Сначала мать не трогали эти звуки, в их течении она слышала только звенящий хаос. Слух ее не мог поймать мелодии в сложном трепете массы нот. Полудремотно она смотрела на Николая, сидевшего, поджав под себя ноги, в другом конце широкого дивана, разглядывала строгий профиль Софьи и голову ее, покрытую тяжелой массой золотистых волос. Луч солнца сначала тепло освещал голову и плечо Софьи, потом лег на клавиши рояля и затрепетал под пальцами женщины, обнимая их. Музыка наполняла комнату всё теснее и незаметно для матери будила ее сердце.
...
Софья бросила куда-то начатую папиросу, обернулась к матери и спросила ее:
— Вам не мешает мой шум, нет?
Мать ответила с досадой, которую не могла сдержать:
— Вы меня не спрашивайте, я ничего не понимаю. Сижу, слушаю, думаю про себя...
— Нет, — вы должны понимать! — сказала Софья. — Женщина не может не понять музыку, особенно если ей грустно...

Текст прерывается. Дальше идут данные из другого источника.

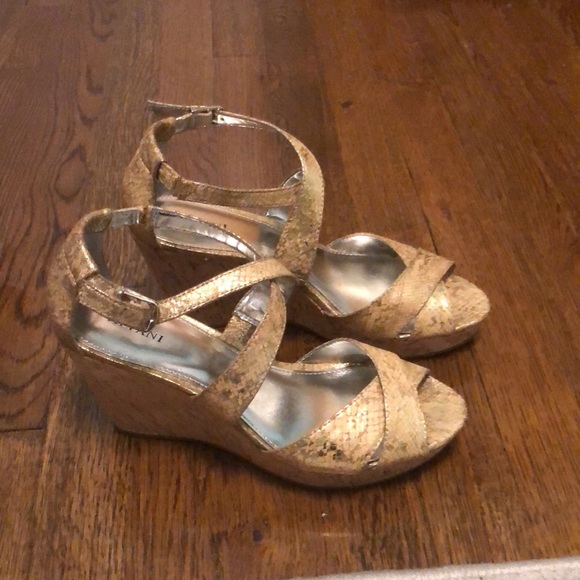 END OF YEAR SALE! | Alfani Jersey Sand Wedges - Picture 2 of 8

Она сильно ударила по клавишам, и раздался громкий крик, точно кто-то услышал ужасную для себя весть, — она ударила его в сердце и вырвала этот потрясающий звук. Испуганно затрепетали молодые голоса и бросились куда-то торопливо, растерянно; снова закричал громкий, гневный голос, всё заглушая. Должно быть — случилось несчастие, но вызвало к жизни не жалобы, а гнев. Потом явился кто-то ласковый и сильный и запел простую красивую песнь, уговаривая, призывая за собой.
Сердце матери налилось желанием сказать что-то хорошее этим людям. Она улыбалась, охмеленная музыкой, чувствуя себя способной сделать что-то нужное для брата и сестры».